The past four years have seen the most extreme hurricanes since records began, according to analysis by Professor William Gray, an atmospheric scientist based at Colorado State University. If the pattern is sustained, he argues, severe winds will continue to blow stronger and more frequently than ever - and the pattern is likely to be sustained for decades. This year there have been 10 hurricanes and three "intensive" hurricane systems, with winds at more than 110mph - almost twice as many in both categories as normal.

The hurricane "season" climaxed with Hurricane Mitch, the fourth most powerful storm ever seen in the Caribbean, which killed 10,000 people, devastating Nicaragua and Honduras. The US government described Mitch as "the worst disaster we have seen in this hemisphere".

Prof Gray's team - which also includes a senior US government meteorologist - predicts that next year there will be nine hurricanes and four intense ones. The latter are particularly important, says Prof Gray, because "they cause the majority of hurricane-spawned destruction". Although they make up only about one quarter of all major storms, they are responsible for 80 per cent of the damage and loss of life.

The scientists estimate that next year the Caribbean and the United States' Atlantic coast will be twice as likely - and the US Gulf coast one-and- a-half times as likely - to be hit by one of these intense hurricanes.

"Our concern is that because of the population build-up along the US east coast, property damage could be severe," adds Professor Gray.

Since 1995, the scientists say, there have been 33 hurricanes and 15 intense ones, making the period the "most active four consecutive years of hurricane activity on record". The effect is all the more dramatic because the 25-year period up to 1994 was unusually "quiescent".

The scientists base their predictions for next year on studies of a whole series of weather phenomena, ranging from the temperature of the Pacific Ocean to rainfall in the West African Sahel, which have proved to be good indicators of hurricanes in the past. The "La Nina" cold current in the Pacific goes with hurricanes in the Atlantic. It began to take hold last year and the scientists expect that it will persist through the next hurricane season. Wet years in the Sahel are also linked with Atlantic hurricanes: more rain fell than usual this year, and this too is expected to continue. Stratospheric winds, which change direction every few years, are expected to go on blowing from the west, which produces hurricanes. And global warming is also thought to make the storms worse as they draw extra energy from warmer seas.

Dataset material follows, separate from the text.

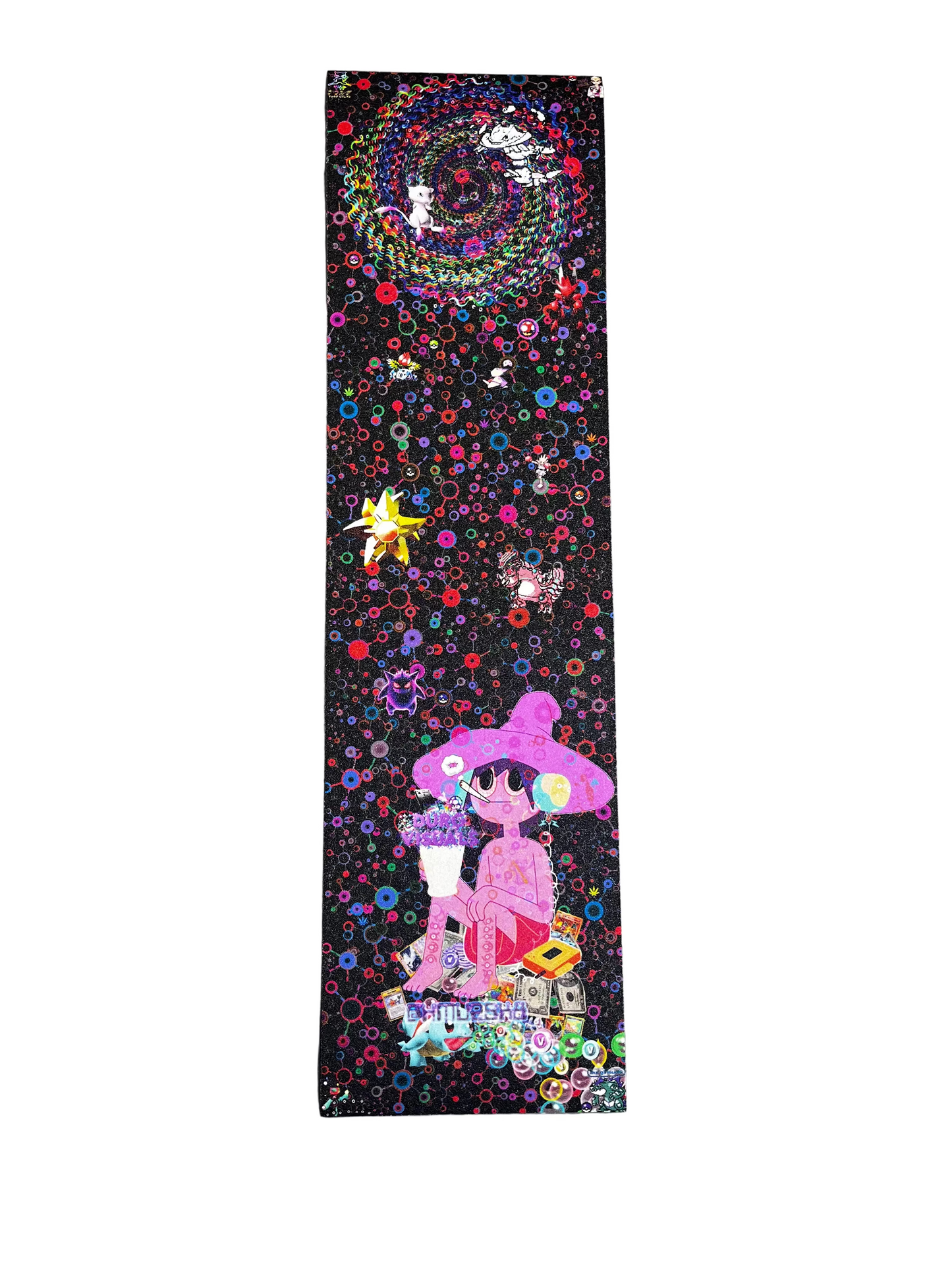 Durg Visuals Midnight Gospel OG Grippe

The most important factor, scientists believe, is the North Atlantic Conveyor Belt Current, which carries warm water from the Caribbean to east of Greenland as the Gulf Stream, and takes a deep cold water current back again.

When it is strong, they say, there are plenty of hurricanes. They believe it strengthened between 1994 and 1995 and is now more forceful than for 30 years. The strength of the current may well continue, bringing more intense and frequent hurricanes "for two or more decades".